Vergili, "Allah'u Teâlâ insan kulluk görevini vermiş ve bu kulluğun gereğini de peygamberleri vasıtayla insanlığa tebliğ etmiştir. İslami sivil toplum kuruluşları bu tebliğin gereğini üstlenmişlerdir. Bu anlamda Türkiye ve İslam coğrafyalarından Birinci Dünya Savaşı sonrasında bir çözülme, dağılma ile birlikte bir proje kapsamında sistematik bir şekilde Müslüman toplumlar sekülerleştirilmeye çalışılmıştır. Sekülerleşme sonrasında bir bozulma yaşanmıştır. İslami sivil toplum kuruluşlarının bu anlamda birinci görevi, manevi değerlerin korunmasıdır. Manevi eğitimin ayakta kalabilmesi eğitim şarttır. Bu eğitim aslında sistemler eliyle belki mümkündür ama sistemlerin görevlerini ihmal etmesi, buna destek vermemesi, bu sorumluluğu İslami STK'lar üzerine yüklemiştir.

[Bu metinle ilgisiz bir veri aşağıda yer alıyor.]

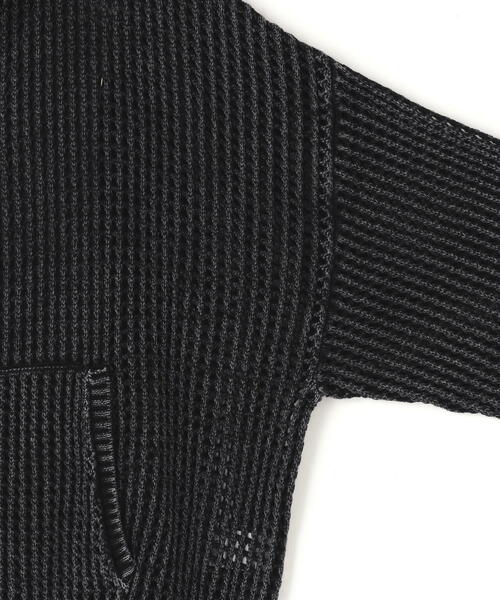 DANKE SCHON（ダンケシェーン）の「【WEB&DEPOT限定】DankeSchon/ダンケシェーン/CHEMICAL MESH KNIT ZIP HOODIE（パーカー・メンズ・ブラック・L/M）」の5枚目の写真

Bu eğitim çalışmaları çeşitli zeminlerde yürütülmektedir. Örneğin Peygamber Efendimizin hayatının anlatılması konusudur. Bize düşen O'nu iyi tanıtmak, Kur'an-ı Peygamberimizin hayatı üzerinden topluma tanıtmaktır." dedi.
"Kahramanmaraş depremlerinde İslami STK'ların takdire şayan çalışmaları oldu"
İslami STK'ların ihya çalışmalarının yanı sıra yardımlaşma ve dayanışma gibi çalışmalarının da olduğunu aktaran Vergili, "Sadece söylemek yetmez aynı zamanda yaşamak gerekir. Toplumda dayanışma ve yardımlaşma, değerlerin kaybolmasıyla çok azaldı. Bencillik, enaniyet, ferdiyetçilik çok artmış, insanlar kendileri için bir başkasını rahatlıkla feda eder hale gelmiştir. Anne-babalar çocuklarının eliyle dışarı atılmakta hatta katledilme olayları dahi azımsanmayacak derecede artmış durumda. Tüm bunlarla mücadele etmek, toplumu ıslah edip kalkındırmak adına yardımlaşma ve dayanışma çalışmaları İslami sivil toplu kuruluşlarının görevleri arasındadır. Peygamber efendimiz, 'komşusu açken tok yatan bizden değildir' buyurmuştur. Bu bize, dayanışma ve yardımlaşmanın bir gereklilik olduğunu gösteriyor. Yakın zamanda Kahramanmaraş'ta yaşanan ve 11 ili etkileyen depremlerin ardından İslami sivil toplum kuruluşlarının takdire şayan çalışmaları oldu. Orada gerek yemek ve barınma, gerekse de psikolojik destek anlamında ciddi yardımlar yapıldı." diye konuştu.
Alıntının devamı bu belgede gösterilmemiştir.